August 23

30 BC –Octavian has Marcus Antonius Antyllus, eldest son of Mark Antony, and Caesarion, the last king of the Ptolemaic dynasty of Egypt. and only child of Julius Caesar and Cleopatra, executed.

79 – Mount Vesuvius begins stirring, on the feast day of Vulcan, the Roman god of fire.

1244 – King Frederick II of Jerusalem, ruler for 15 years after his forces of the 6th Crusade successfully retook the city in 1229, surrenders to forces of the besieging moslem Khwarezm Empire

1305 – Sir William Wallace is executed for high treason at Smithfield, London.

1541 – French explorer Jacques Cartier lands near Quebec City in his third voyage to Canada.

1595 – One of the warlords of ancient Wallachia, Prince Michael the Brave’s forces confront an Ottoman army 8 times its size, led by Koca Sinan Pasha near Călugăreni in modern southeastern Hungary, and achieves a tactical victory, inflicting losses ten times its own before retreating in good order

1775 – King George III delivers his Proclamation of Rebellion to the Court of St James’s stating that the American colonies have proceeded to a state of open and avowed rebellion.

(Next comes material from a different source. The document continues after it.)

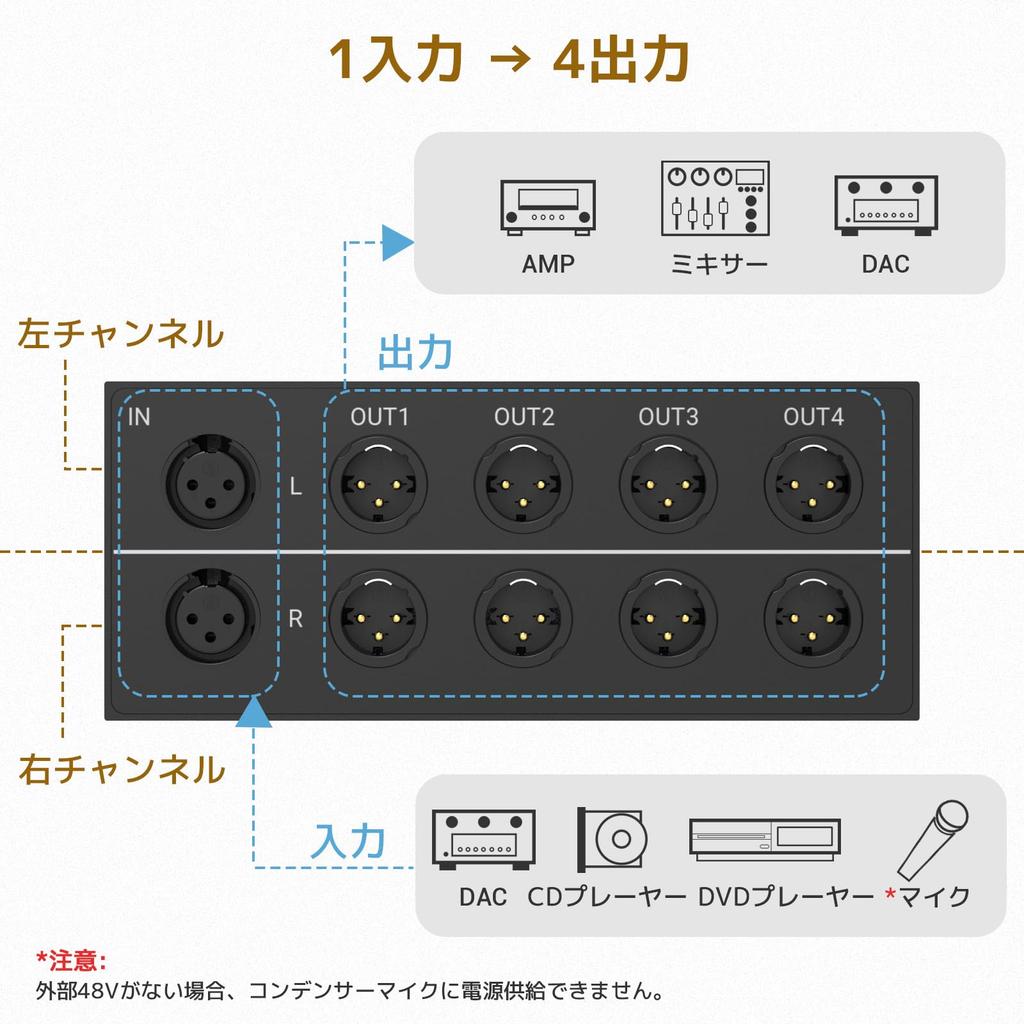 Cubilux XLR Stereo Audio Passive 1 Input to 4 Outputs XLR Balanced Audio 1 In 4 Out 4 Channel Splitter Box 4-Way Splitter, (Female) (Male) Converter,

1784 – Western North Carolina (now eastern Tennessee) declares itself an independent state under the name of Franklin. It is not accepted into the United States, and only lasts for 4 years before dissolving back under control of the state.

1785 – Oliver Hazard Perry is born in South Kingstown, Rhode Island.

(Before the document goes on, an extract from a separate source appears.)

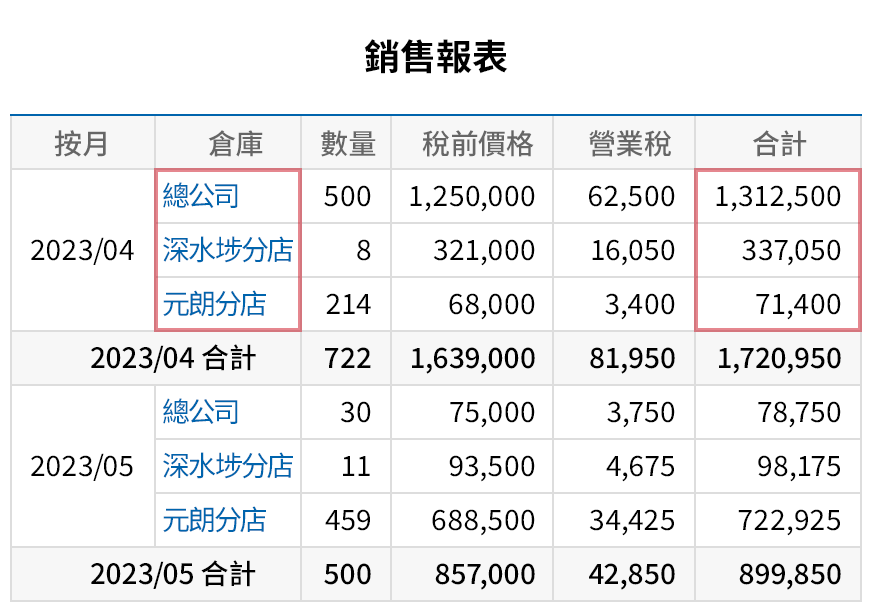 比較分店的銷售業績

1819 – Oliver Hazard Perry dies aboard his his flagship USS Nonsuch enroute to Tobago, having caught Yellow Fever while sailing the Oronoco river on a diplomatic mission to Simon Bolivar.

1831 – Nat Turner’s slave rebellion is suppressed. Turner flees into hiding.

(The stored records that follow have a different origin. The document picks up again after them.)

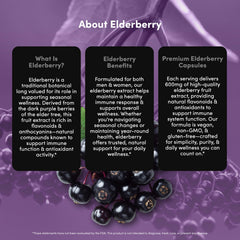 Vital Peak elderberry packaging display communicates a vegan, gluten-free, non-GMO supplement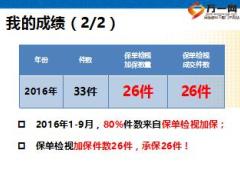 績優(yōu)分享做好保單檢視成就百萬平臺35頁.ppt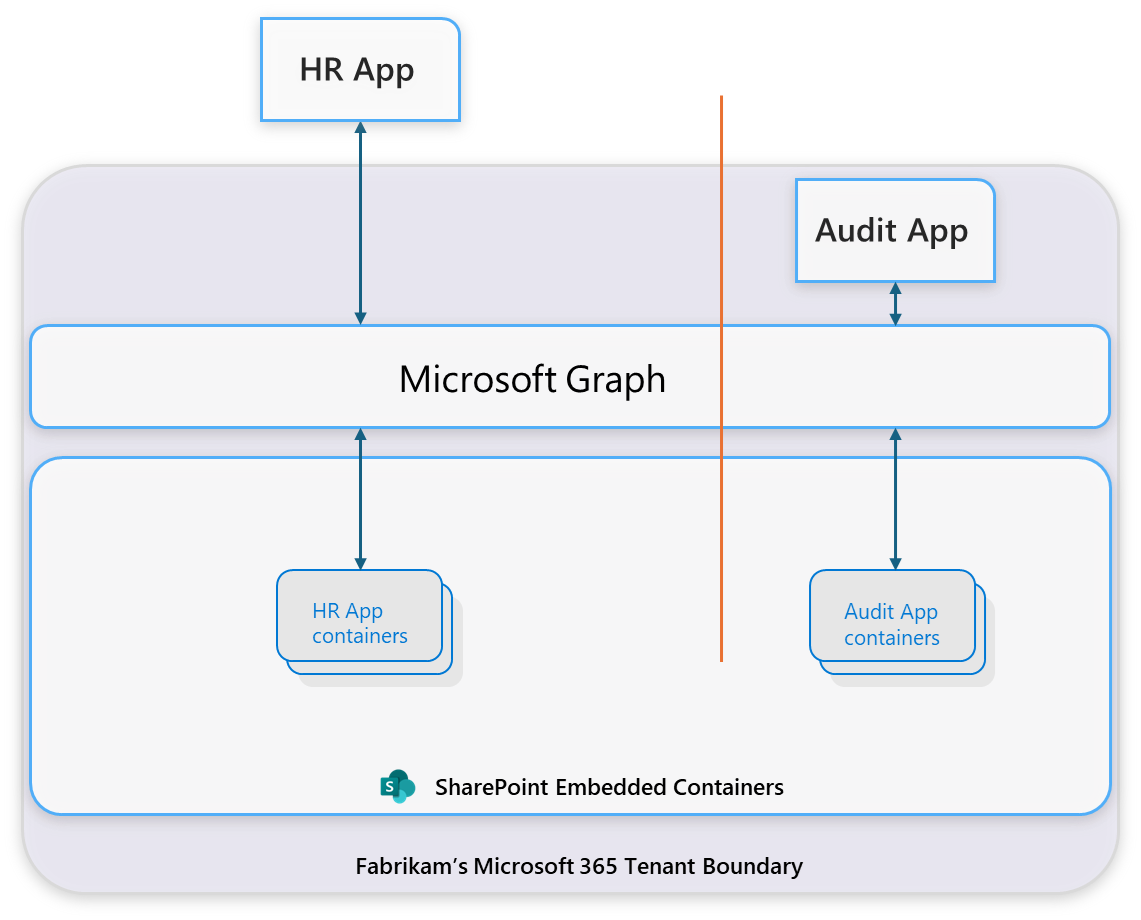 Diagram of a worked ISV example. Contoso's HR application and its container type sit in the Contoso owning tenant. Both Contoso's HR app and Fabrikam's LOB auditing app operate in the Fabrikam consuming tenant, where each app's container stack is stored separately.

1914 – Japan declares war on Germany

1927 – Nicola Sacco and Bartolomeo Vanzetti are executed for murder at Charlestown State Prison in Massachusetts

1929 – Arabs attack the Jewish community in Hebron in the British Mandate of Palestine, killing over 60 Jews and forcing the rest to evacuate the town.

1939 – Nazi Germany and the Soviet Union sign the Molotov–Ribbentrop Non-aggression Pact.

1942 – German troops begin the attack on Stalingrad.

1954 – The Lockheed C-130 Hercules files for the first time

1966 – NASA’s Lunar Orbiter 1 takes the first photograph of Earth from orbit around the Moon.

1990 – Saddam Hussein appears on Iraqi state television with a number of Western “guests”  – actually hostages -to try to prevent the 1st Gulf War.

1991 – The World Wide Web is opened public access.

1994 – Eugene Bullard, the only African American pilot in World War I, is posthumously commissioned as Second Lieutenant in the United States Air Force.

2011 – A  5.8  magnitude earthquake occurs in Virginia. Damage occurs to monuments and structures in Washington, D.C. and the resultant damage is estimated at $200 –$300 million USD. Personnel at Felker Army Airfield at Fort Eustis report actually seeing shock waves traveling through a concrete floor of an aircraft hangar.